**Exercise goal**: Go to the line with "Best odor outlet remover for carpet" in the material below and copy from there through the line with "中国体育篮球直播：超越极限的运动盛宴！", exactly. Pictures are not copied.

**Data in this exercise**:

────────────────────

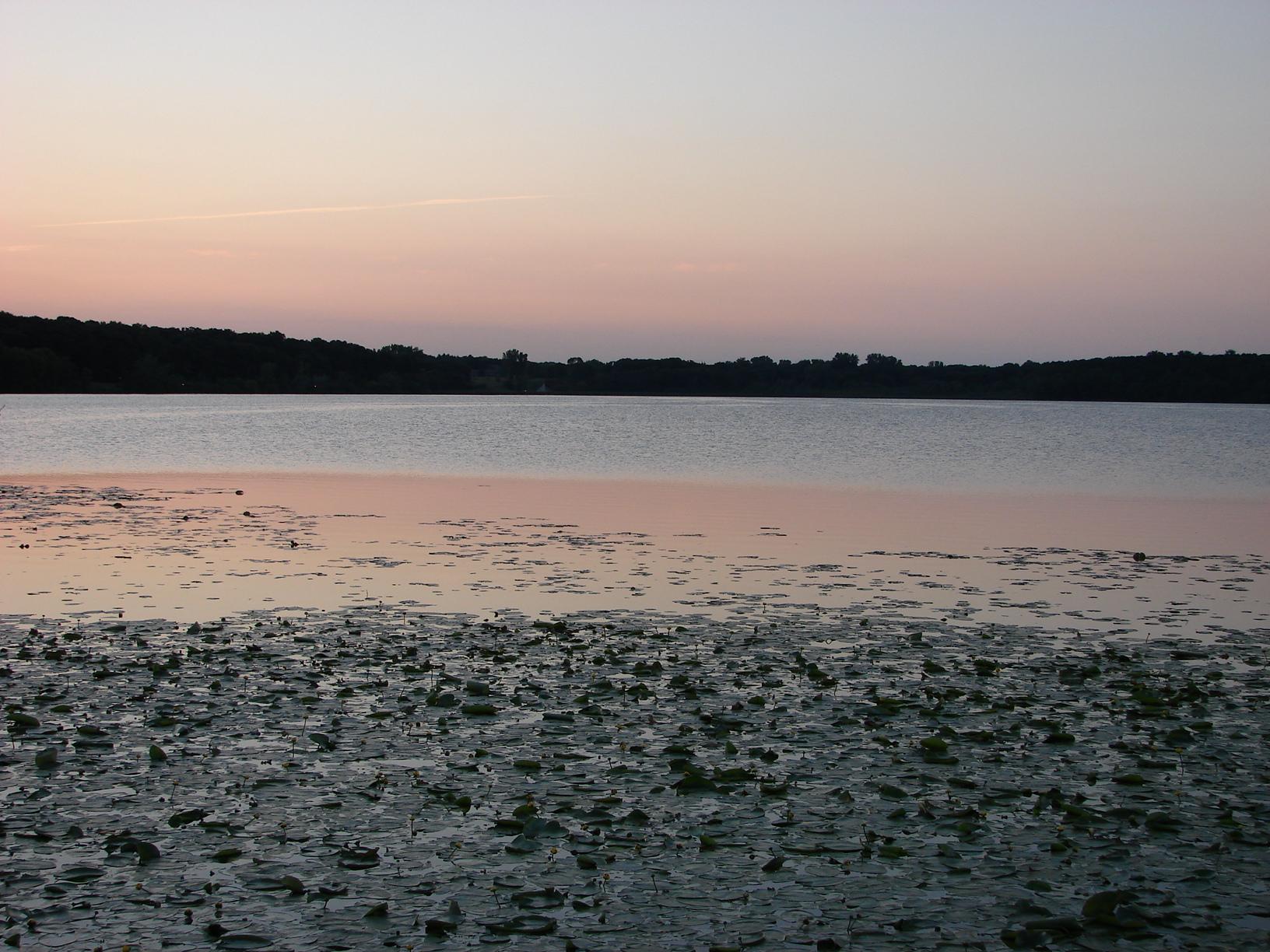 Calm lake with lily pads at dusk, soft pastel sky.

────────────────────

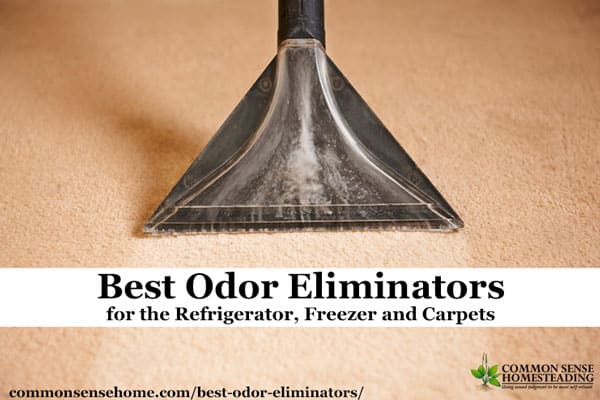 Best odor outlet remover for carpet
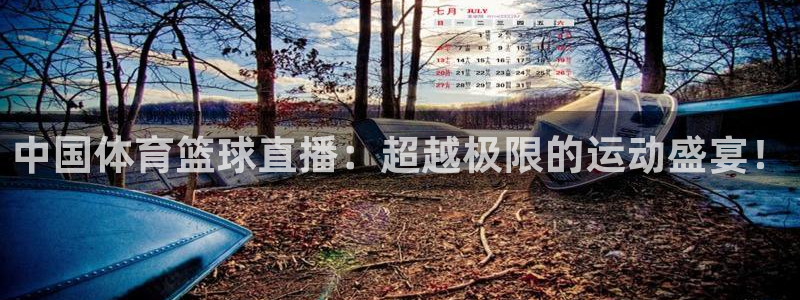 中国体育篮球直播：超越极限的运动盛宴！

────────────────────

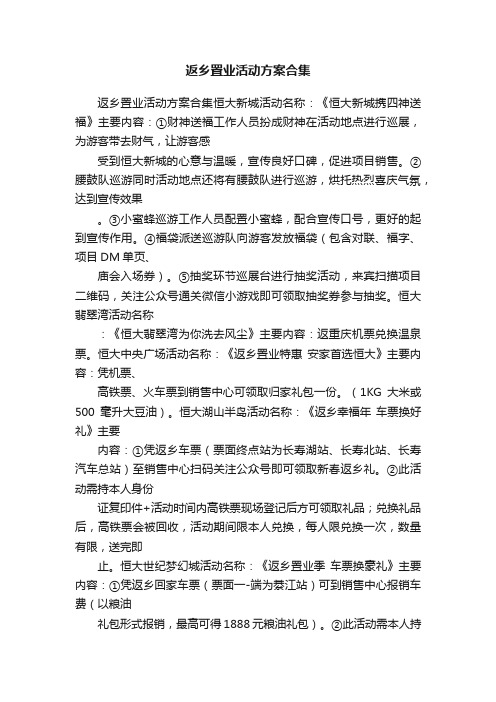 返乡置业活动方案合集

────────────────────

**Response to this exercise**:
 Best odor outlet remover for carpet
 中国体育篮球直播：超越极限的运动盛宴！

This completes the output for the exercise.